Imputed income on health insurance premium for K-1

Hi,

 

I am a partner at a large partnership. I get a K-1 from them. Starting this year, they pay for my health insurance but counts it as imputed income. Basically, it increased the guaranteed income and self-employment income in boxes 4a and 14a on my K1. 

 

As far as I can see, Turbotax was able to deduct most of the increased taxes from this imputed income on Schedule 1 as self-employed health insurance coverage. However, there is a small portion (~3%) of this imputed income that is added to my taxes, compared to last year when I didn't get health insurance from them (my ordinary income did not change from last year, so I can clearly see where the difference was). I assume this is from the increase in self-employment income and the associated self-employment tax. 

 

Does this sound right? I am happy that most of the tax on the imputed income was deducted since it was health insurance; but it appears I am still responsible for the self-employment tax portion of it? Or is there a way to deduct that portion too?

 

Thank you!

 

 

Anonymous
Not applicable

Deductions & credits

a partnership can not deduct partner health insurance  - it is treated as a guaranteed payment.   the additional income on the K-1 you pick up is offset by the deduction on your 1040 for SE health insurance (schedule 1 line 16). in addition 1/2 of all SE tax is deducted automatically by TT  on schedule 1 line 14.
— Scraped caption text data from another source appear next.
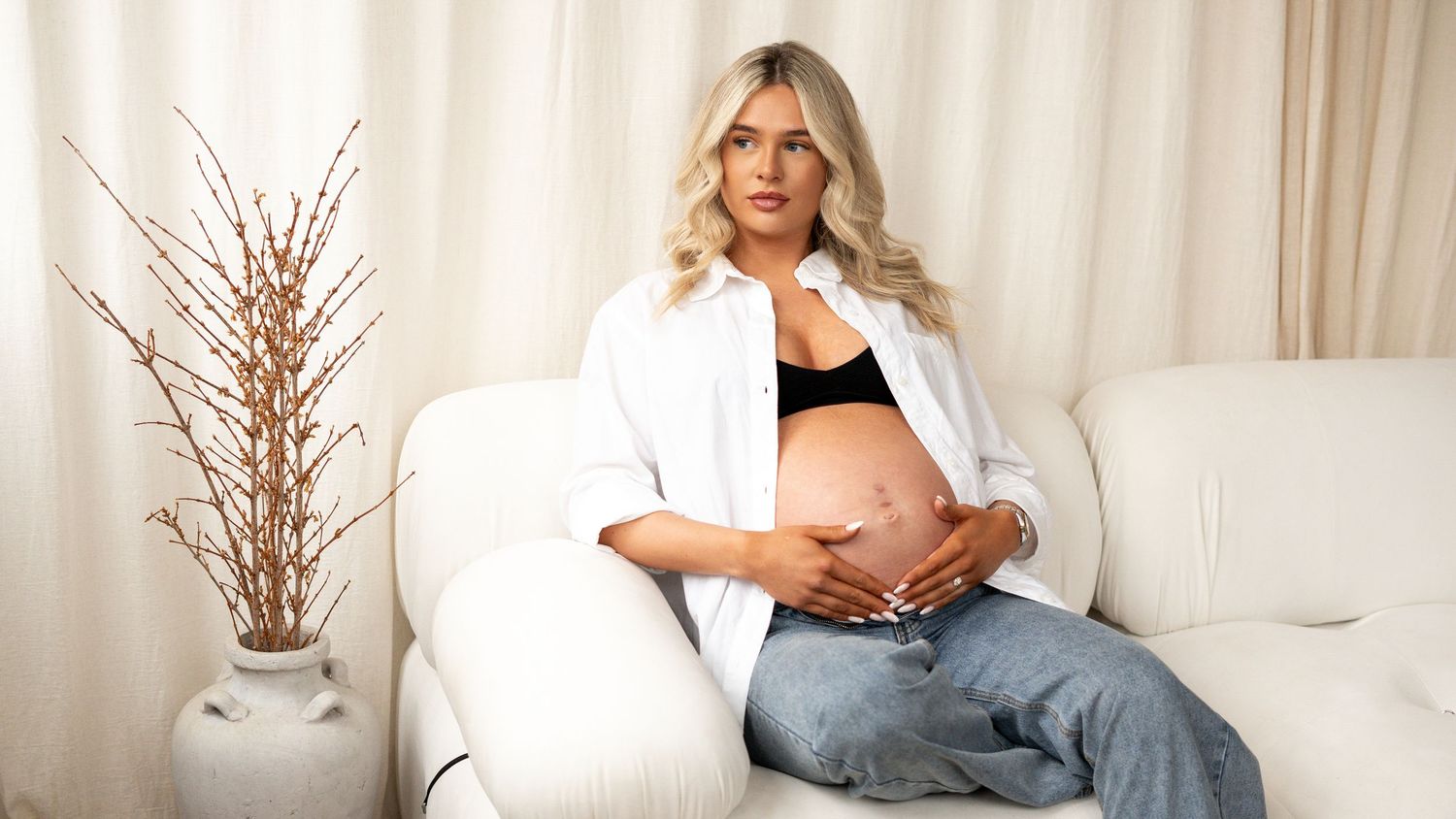 Blonde pregnant woman in white shirt and jeans sitting on white sofa holding baby bump in bright room.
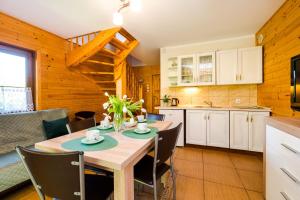 a kitchen and dining room with a table and chairs at Morskie Chaty Platanowa in Rowy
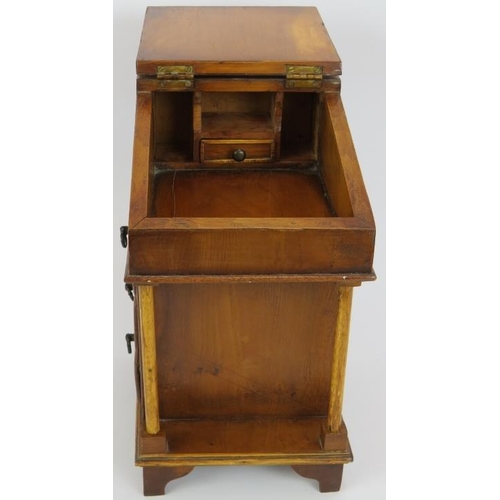 71 - A miniature Davenport desk, probably an apprentice piece, with leather top, internal fittings and th... 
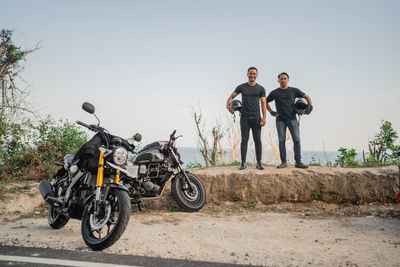 Rear view of man riding motorcycle on road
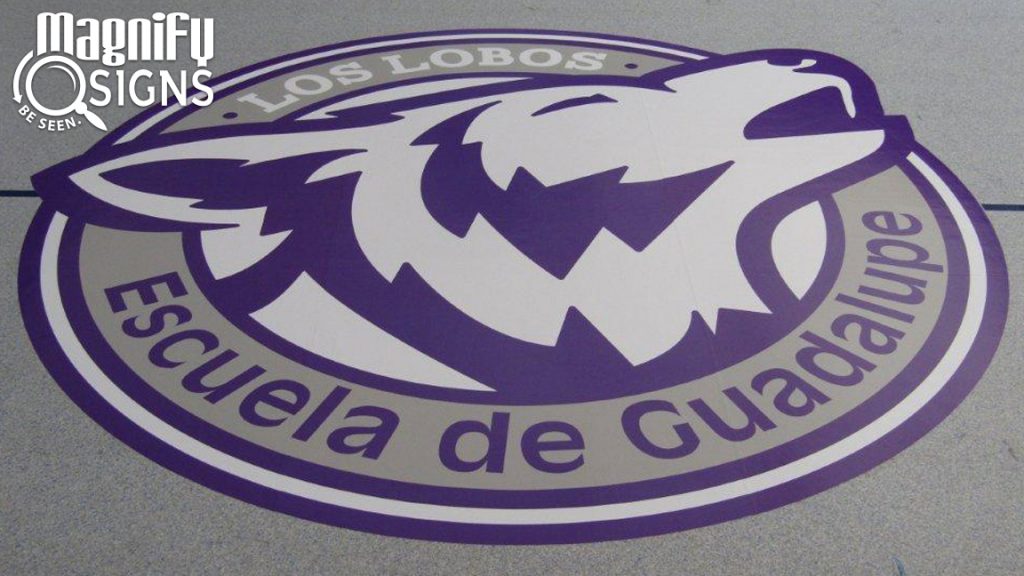 Custom Circular Vinyl Print of the "Los Lobos" placed on the gym floor or Escuela de Guadalupe school in Denver, CO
from instructions for form 1065:

Guaranteed payments are payments made by a partnership to a partner that are determined without regard to the partnership's income. Some examples of guaranteed payments to partners include:
Payments for salaries, health insurance, ....

Deductions & credits

Thanks. Yes I understand the deductions on Schedule 1 Line 16. But it appears my taxes went up slightly anyway at about 3% of the additional imputed income from the health insurance premium. I think this may have been from the self employment tax for the extra total self employment income which came from the guaranteed payments, which gets taxed at 2.9% after $132,900. Does that sound right?